Tools & Dataset

UPDATE (18/11/2022): For the most recent version of CICIDS2017 (improved ground-truth labelling and additional features) as well as a fixed version of CSECICIDS2018, please check out our latest work here.

When using the fixed CICFlowMeter tool, the improved regenerated CICIDS2017 dataset and/or our labelling and benchmarking code, please cite our paper:

@inproceedings{engelen2021troubleshooting,
title={Troubleshooting an Intrusion Detection Dataset: the CICIDS2017 Case Study},
author={Engelen, Gints and Rimmer, Vera and Joosen, Wouter},
booktitle={2021 IEEE Security and Privacy Workshops (SPW)},
pages={7--12},
year={2021},
organization={IEEE}
}

CICFlowMeter tool

Our fixed version of the CICFlowMeter tool can be found at https://github.com/GintsEngelen/CICFlowMeter.

Important changes

A TCP flow is no longer terminated after a single FIN packet. It now terminates after mutual exchange of FIN packets, which is more in line with the TCP specification.
An RST packet is no longer ignored. Instead, the RST packet also terminates a TCP flow

Note that a flow can still terminate by timing out (the total duration of the flow exceeds X seconds). This has been left unchanged.

Improved CICIDS2017 dataset for flow-based network intrusion detection

The latest version of our improved version of the CICIDS2017 flow-based dataset can be downloaded here.

20/10/2021 UPDATE: Dataset files reuploaded (fixed error in Idle Time features).
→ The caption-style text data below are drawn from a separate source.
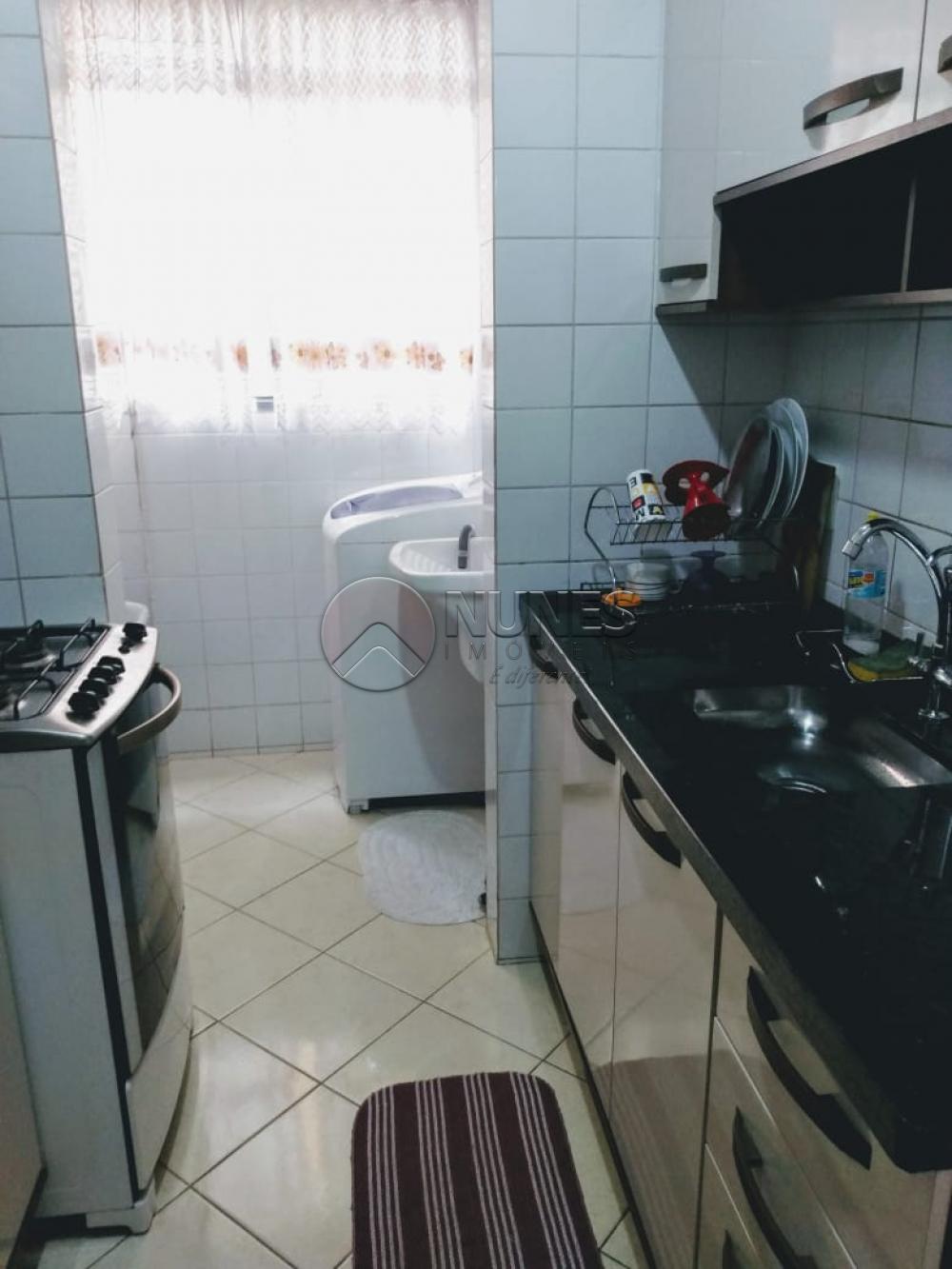 Comprar Apartamento / Padrão em Osasco apenas R$ 223.000,00 - Foto 7 Comprar Apartamento / Padrão em Osasco apenas R$ 223.000,00 - Foto 7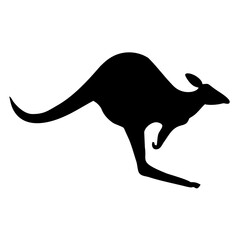 Australian Kangaroo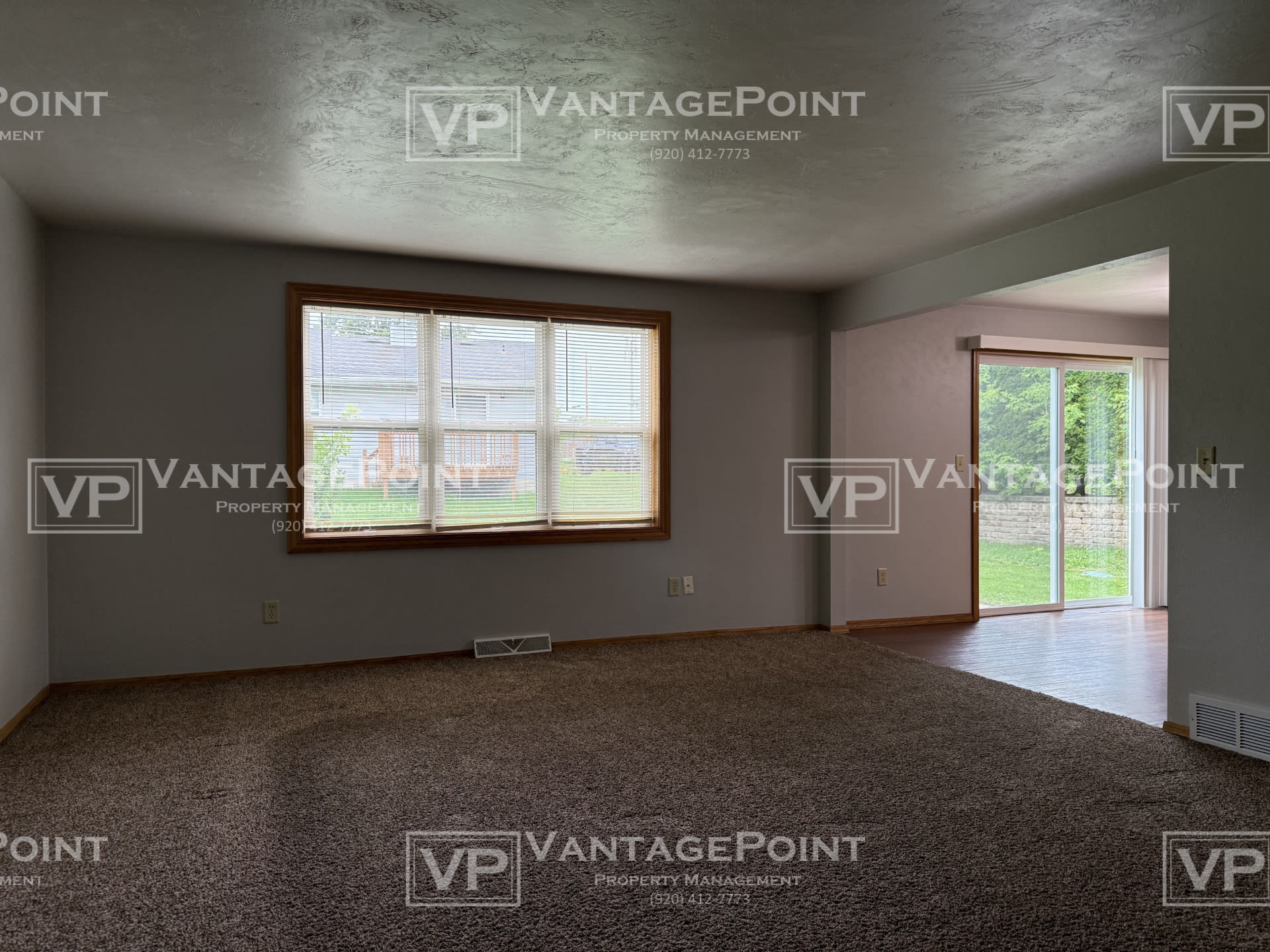 3711 Blueridge Drive – photo 4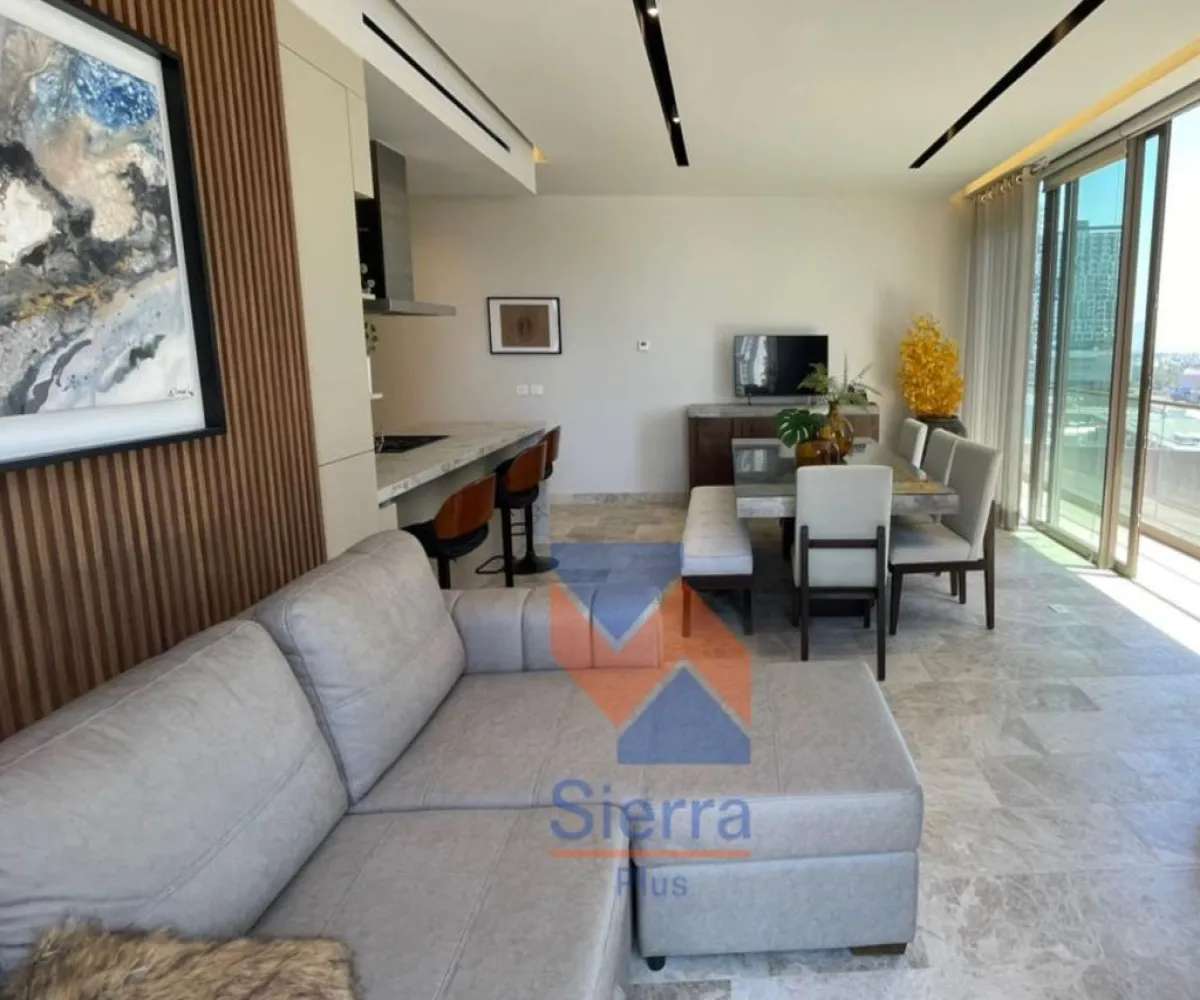 Departamento En Renta,Puerta de Hierro,Avenida Empresarios 62, Zapopan, Jalisco 45116, 3 Habitaciones,3 Baños,Avenida Empresarios,1,ptCJKDP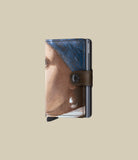 Secrid | Miniwallet Art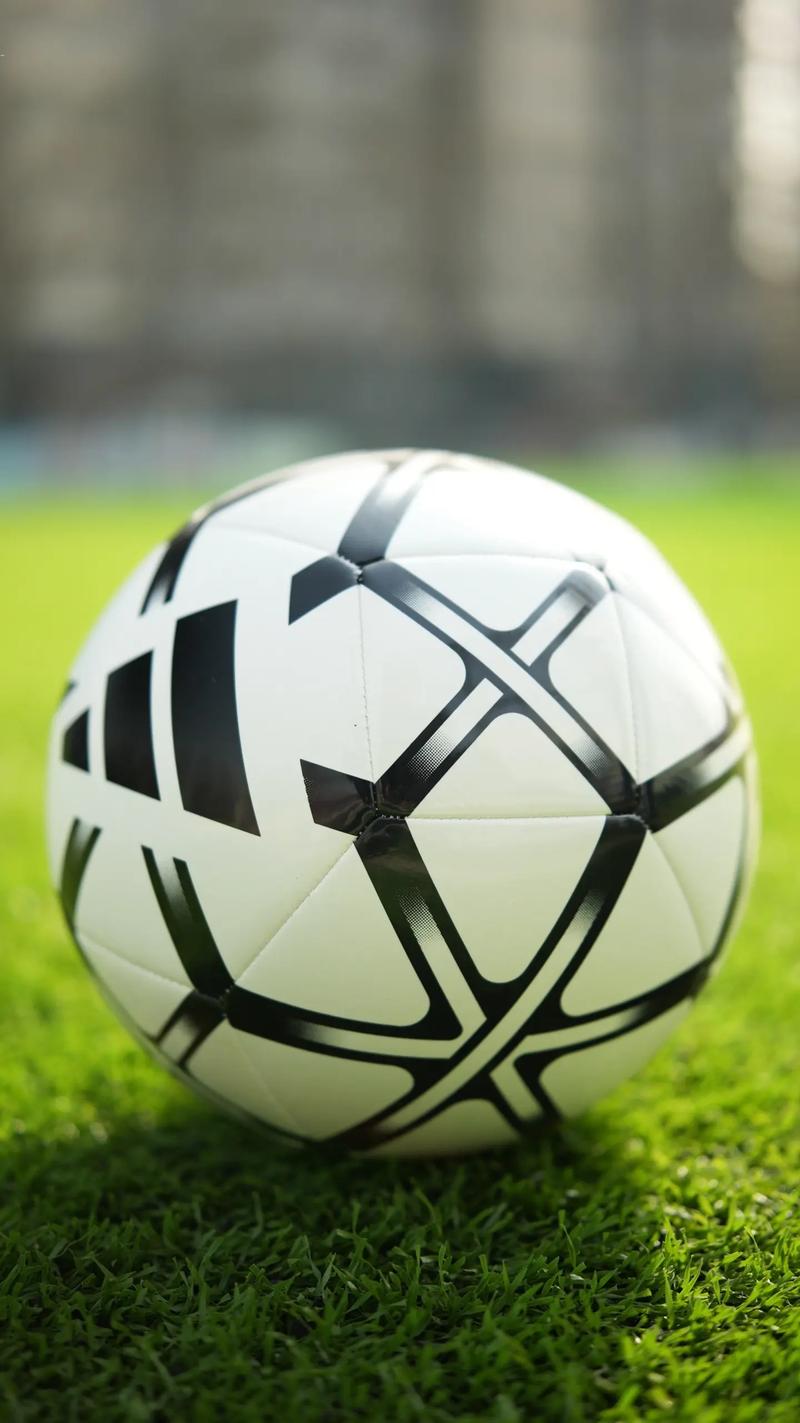 90Vs即时比分滚球多平台下载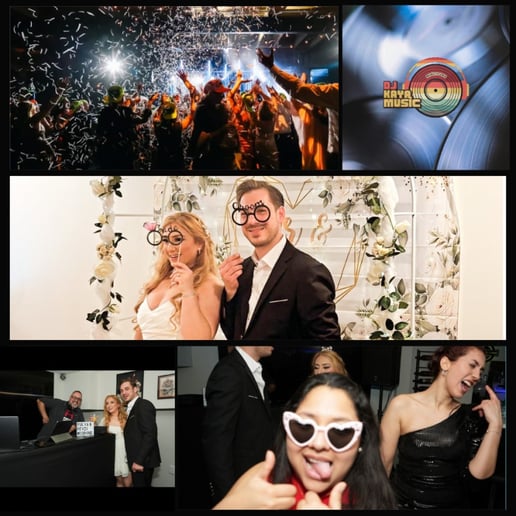 Gallery photo 1 of DjKayaMusic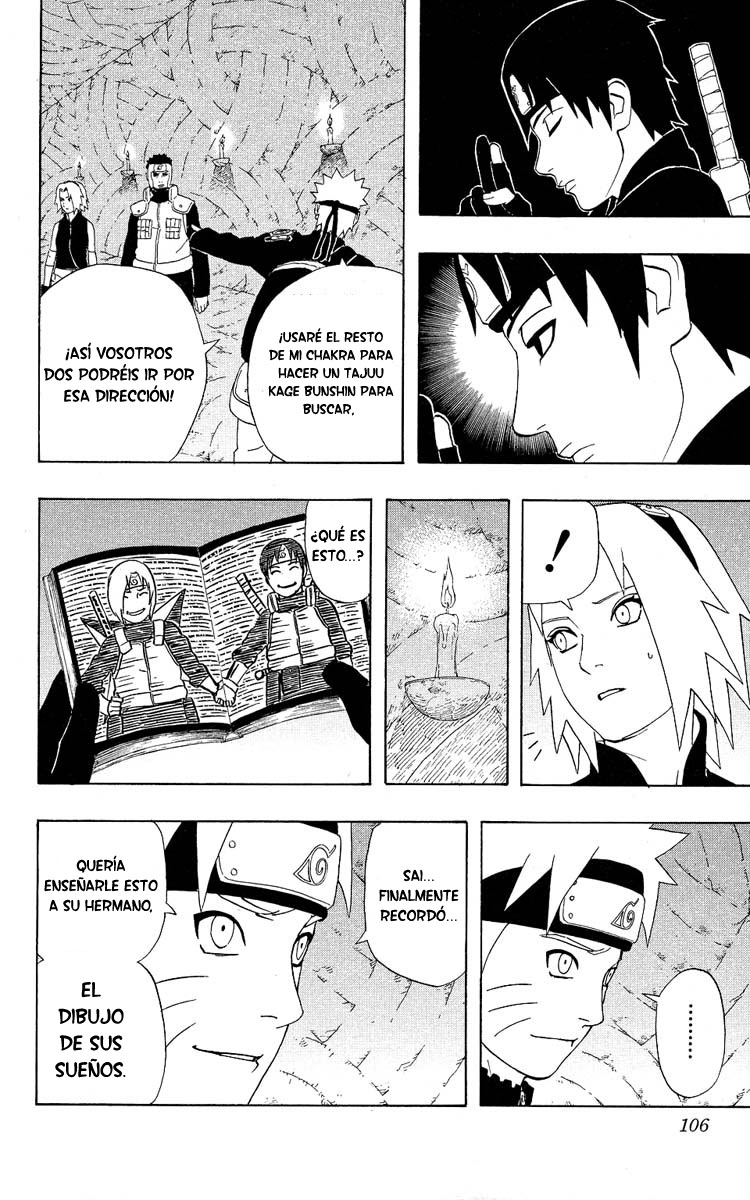 Read Subiendo De Nivel 10000 Años En el Futuro ES Manga Online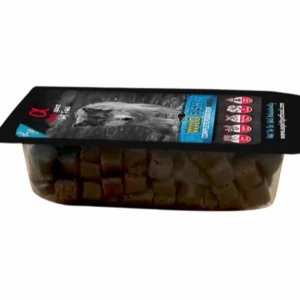 Alpha Spirit Wild Fish 200 g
Note that the fixed version of the CICFlowMeter tool is not affected.
22/10/2021 UPDATE: CICFlowMeter fixed as per this GitHub pull request (Fwd and Bwd Bulk features affected). Dataset CSV files regenerated and reuploaded.
24/11/2021 UPDATE: CICFlowMeter fixed as per this and this GitHub pull request (Down/Up ratio fixed and several features related to flow length affected). Dataset CSV files regenerated and reuploaded.

Important changes

X - Attempted label: Most attack classes present in CICIDS2017 require transmission of a payload in order to be effective. For any flow belonging to payload-reliant attack class X but that doesn't contain a payload, we give it the label X - Attempted, with X referring to the original attack class.
Flow construction: naturally, all modifications made to the original CICFlowMeter tool (described above) affect this regenerated dataset. The impact of these changes is thoroughly discussed in the paper.

Dataset composition

The final regenerated dataset is composed of the following flows:

Label	Effective flow count	"Attempted" flow count
Benign	1657069	N/A
FTP-Patator	3973	11
SSH-Patator	2980	8
DoS GoldenEye	7567	80
DoS Hulk	158469	579
DoS SlowHttpTest	1742	3367
DoS Slowloris	4001	1706
Heartbleed	11	0
Web Attack - Brute Force	151	1214
Web Attack - XSS	27	652
Web Attack - SQL Injection	12	0
Infiltration	32	16
Bot	738	1470
Portscan	159023	N/A
DDoS	95123	0

These flow counts (as well as the numbers reported in the paper) were obtained after removing all corrupted entries as well as all entries whose numerical features contained NaN values.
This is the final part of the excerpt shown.